_Data segment_
....................

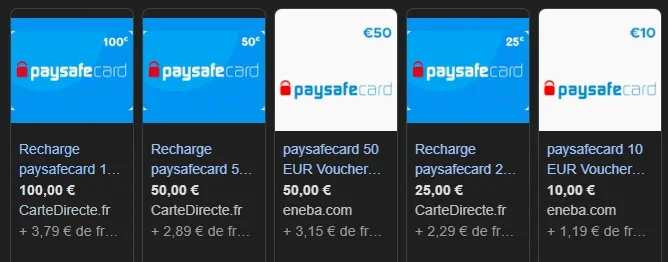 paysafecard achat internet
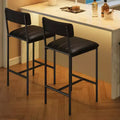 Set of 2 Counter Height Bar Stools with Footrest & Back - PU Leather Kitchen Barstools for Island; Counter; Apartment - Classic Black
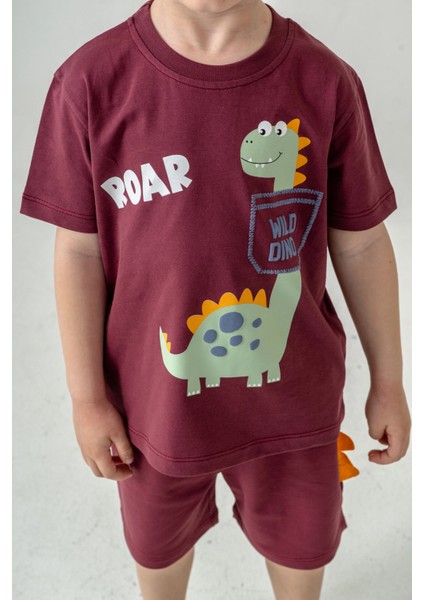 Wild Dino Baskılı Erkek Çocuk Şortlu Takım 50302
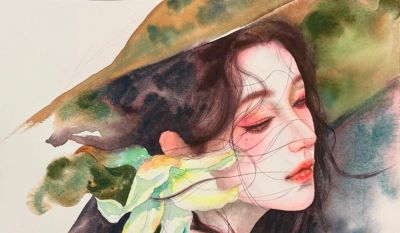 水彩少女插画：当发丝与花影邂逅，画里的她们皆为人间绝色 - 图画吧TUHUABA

....................

_Exercise requirements_
Exclude the pictures. Write out the remaining data exactly.

_Response below_
 paysafecard achat internet
 Set of 2 Counter Height Bar Stools with Footrest & Back - PU Leather Kitchen Barstools for Island; Counter; Apartment - Classic Black
 Wild Dino Baskılı Erkek Çocuk Şortlu Takım 50302
 水彩少女插画：当发丝与花影邂逅，画里的她们皆为人间绝色 - 图画吧TUHUABA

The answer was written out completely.